■ WHAT TO DO ■
Could you write out, exactly as they stand, only the lines in the listing below from the line with "Aksaray'da 2 bin" to the line with "2-комнатная квартира, этаж", both ends included, without the pictures?
START MATERIAL SUPPLIED
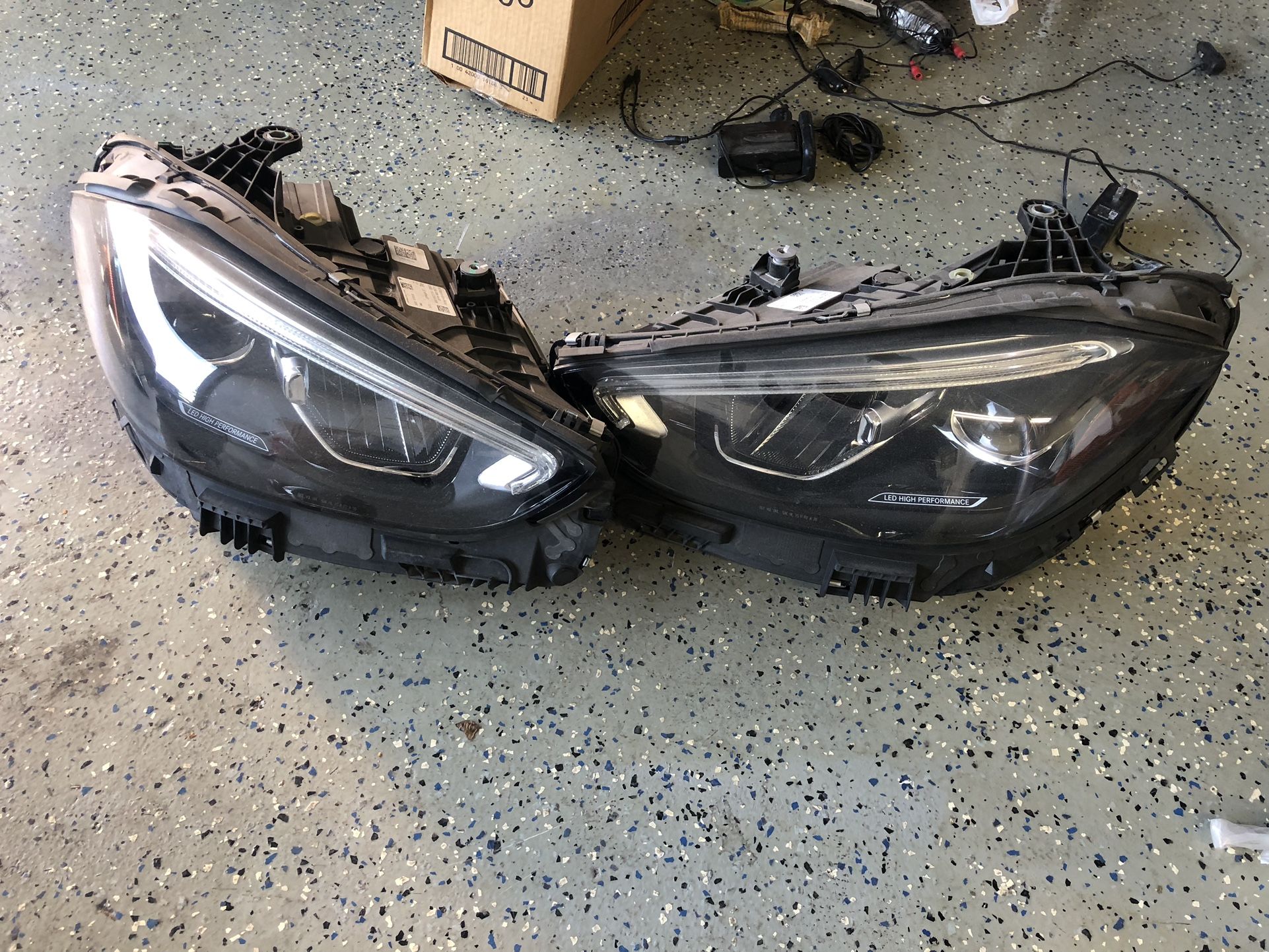 2022-2024 Mercedes-Benz C-Class Headlights Pair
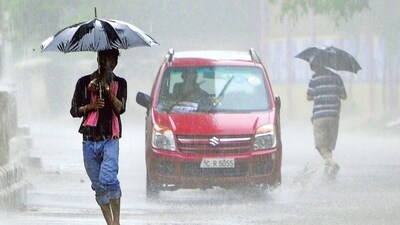 People walk amid heavy rainfall. (MINT_PRINT) People walk amid heavy rainfall. (MINT_PRINT)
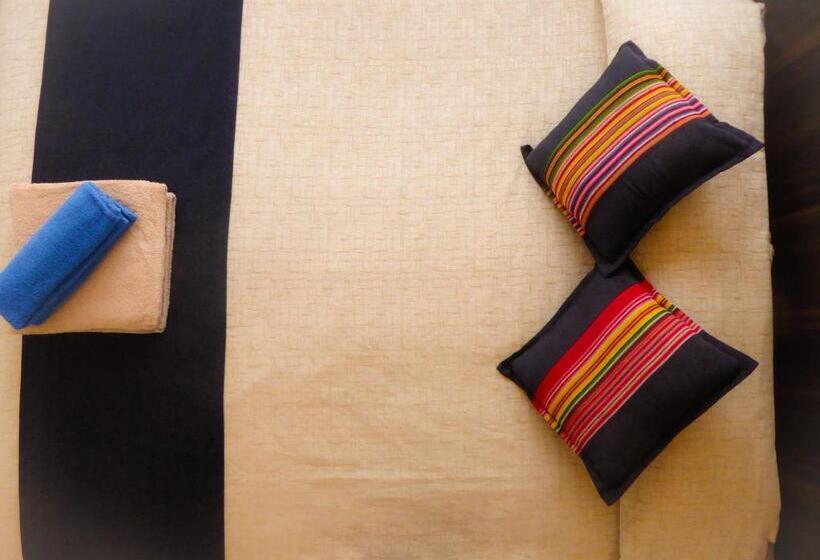 اتاق خانوادگی, Sagarnaga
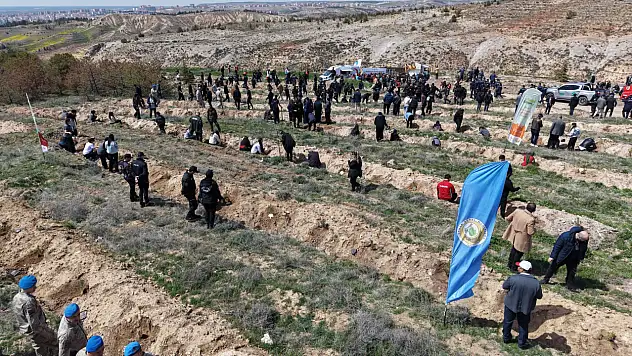 Aksaray'da 2 bin 500 fidan toprakla buluşturuldu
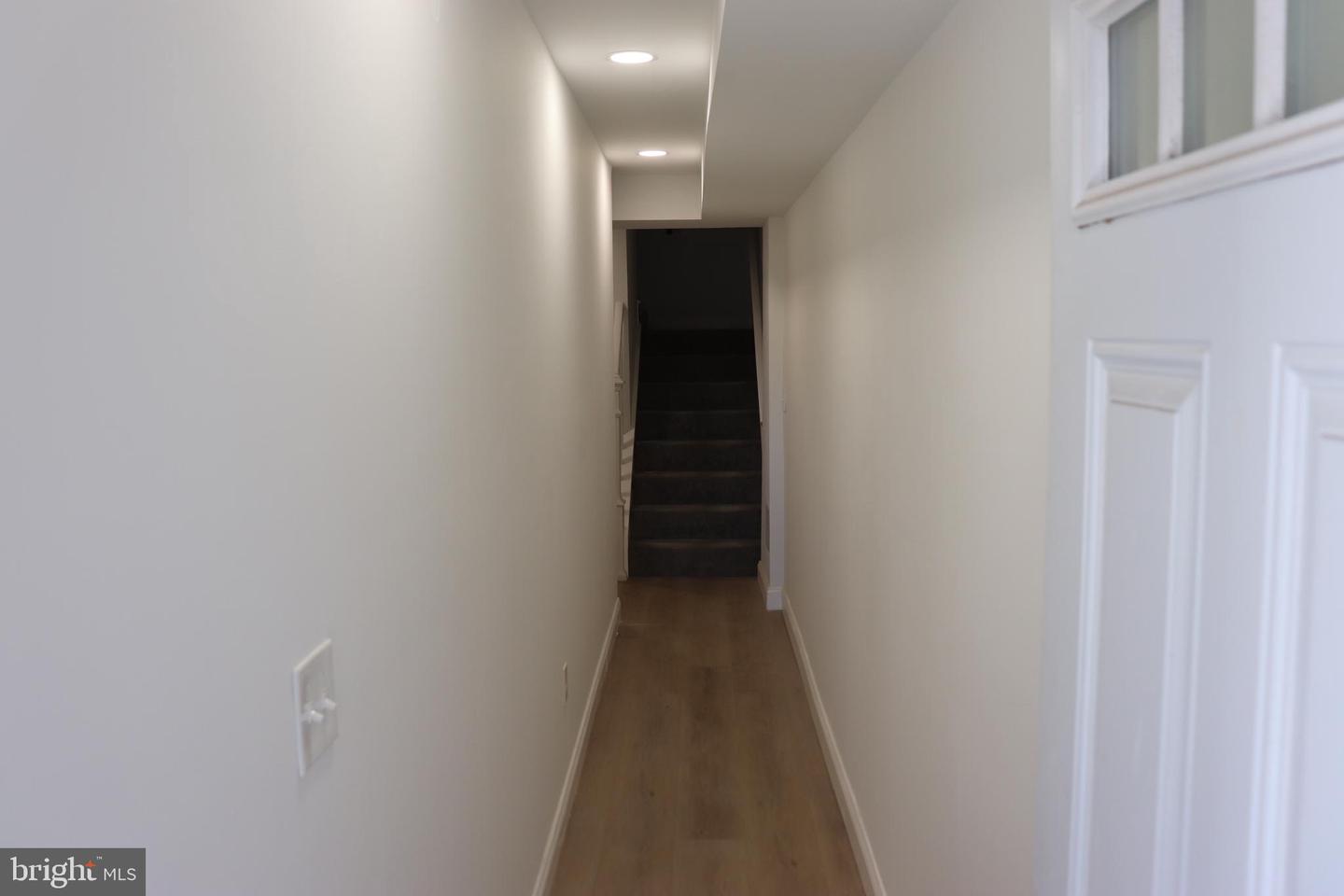 1707 Marshall St Property Photo 5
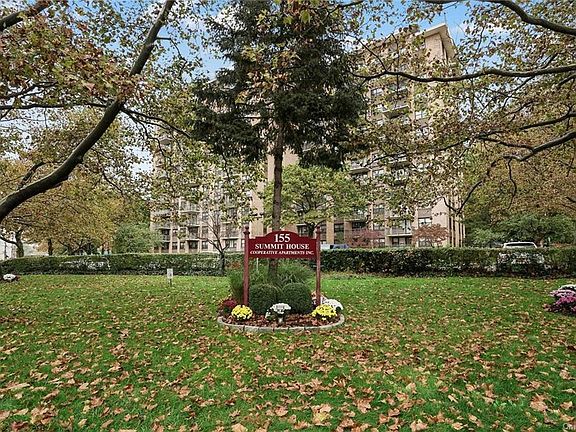 2nd image of 155 Ferris Ave APT 5D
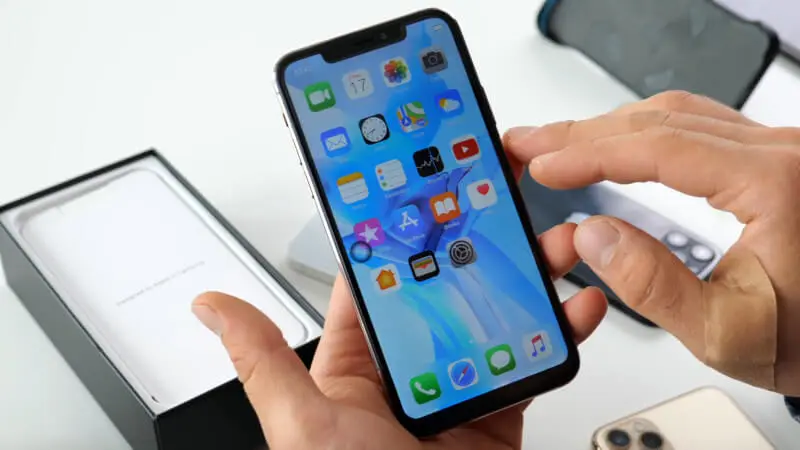 Chińczycy nie czekali na pokaz iPhone 12. Już teraz zrobili jego marny klon [wideo]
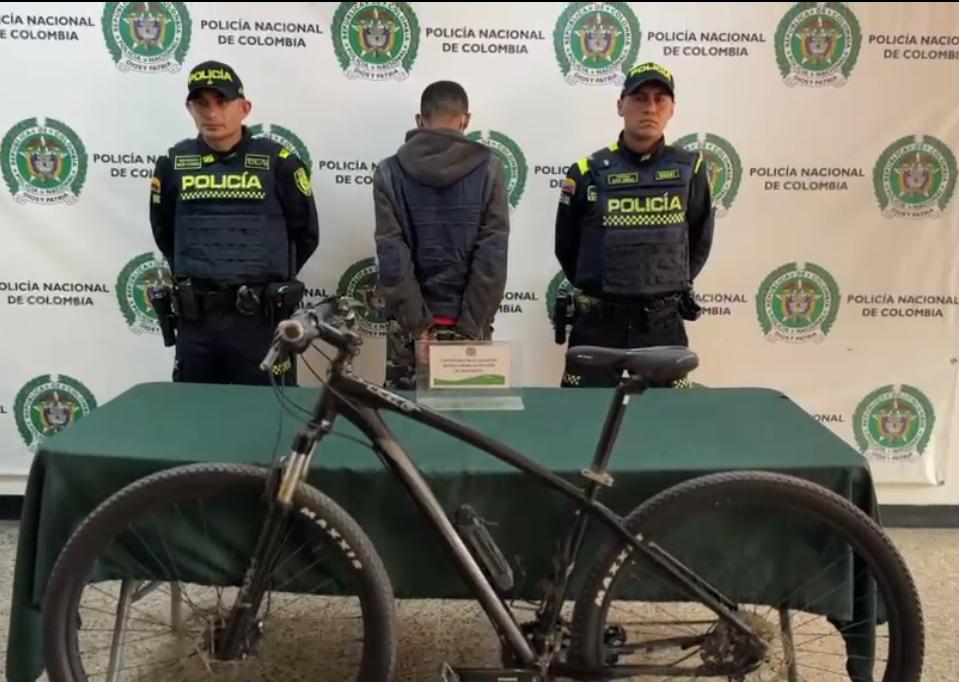 Policía capturó en flagrancia de un hombre de 26 años señalado de robar al sur de la ciudad. (Foto: cortesía Policía Metropolitana de Bogotá)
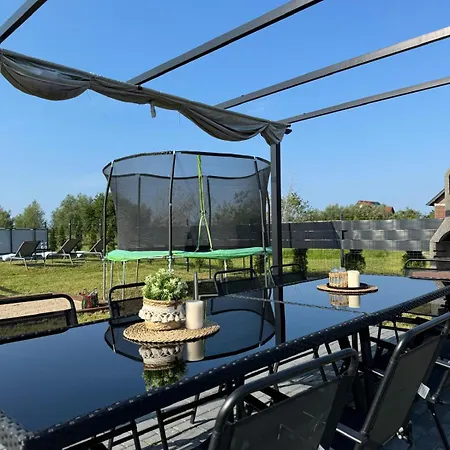 Niceplace4you Familien-ferienhaeuser An Der Polnischen Ostsee Mit Pool Apartament Dobieslawiec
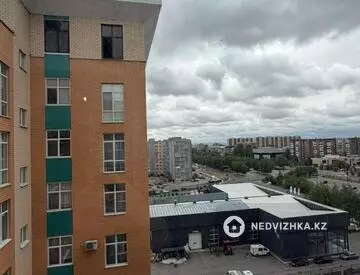 2-комнатная квартира, этаж 2 из 10, 61 м², миниатюра 3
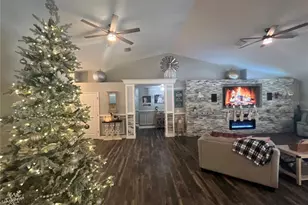 18209 Merwyn Circle, Weeki Wachee, FL 34614 - Photo 28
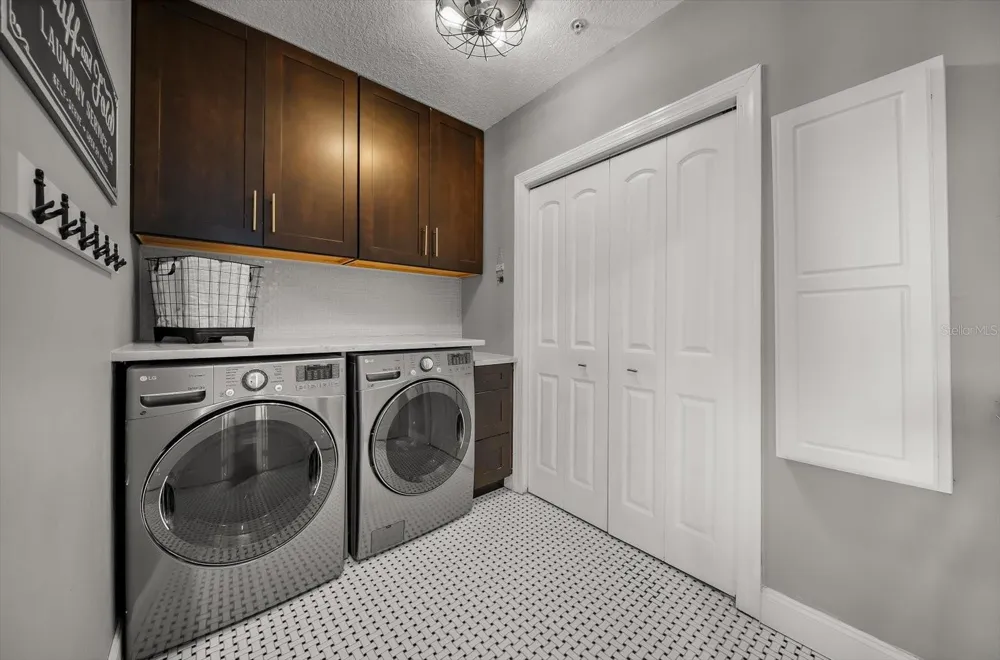 200 BRIGHTWATER DRIVE #8 Clearwater Beach, FL 33767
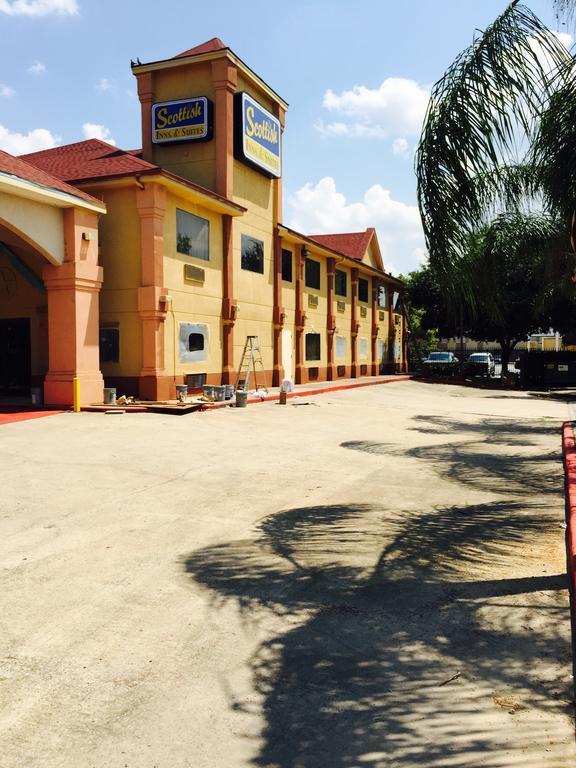 Scottish Inn & Suites Hobby Airport ヒューストン エクステリア 写真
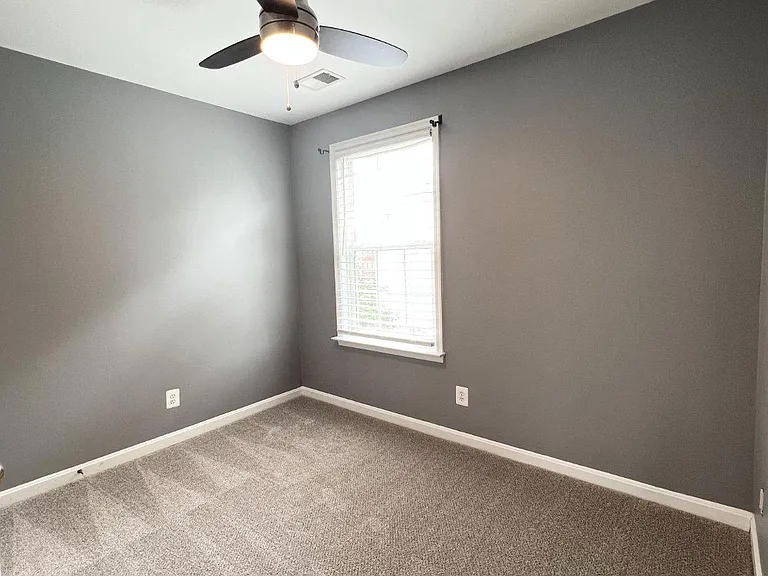 22464 Maison Carree Sq — Photo 15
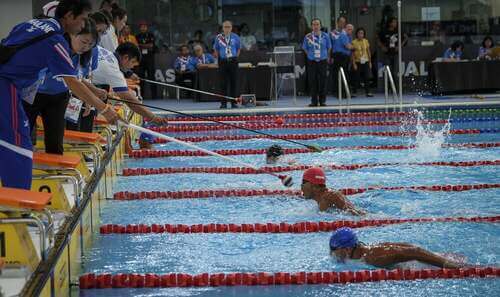 Nuoto per non vedenti.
END MATERIAL SUPPLIED
■ OUTPUT FOR THIS EXERCISE ■
 Aksaray'da 2 bin 500 fidan toprakla buluşturuldu
 1707 Marshall St Property Photo 5
 2nd image of 155 Ferris Ave APT 5D
 Chińczycy nie czekali na pokaz iPhone 12. Już teraz zrobili jego marny klon [wideo]
 Policía capturó en flagrancia de un hombre de 26 años señalado de robar al sur de la ciudad. (Foto: cortesía Policía Metropolitana de Bogotá)
 Niceplace4you Familien-ferienhaeuser An Der Polnischen Ostsee Mit Pool Apartament Dobieslawiec
 2-комнатная квартира, этаж 2 из 10, 61 м², миниатюра 3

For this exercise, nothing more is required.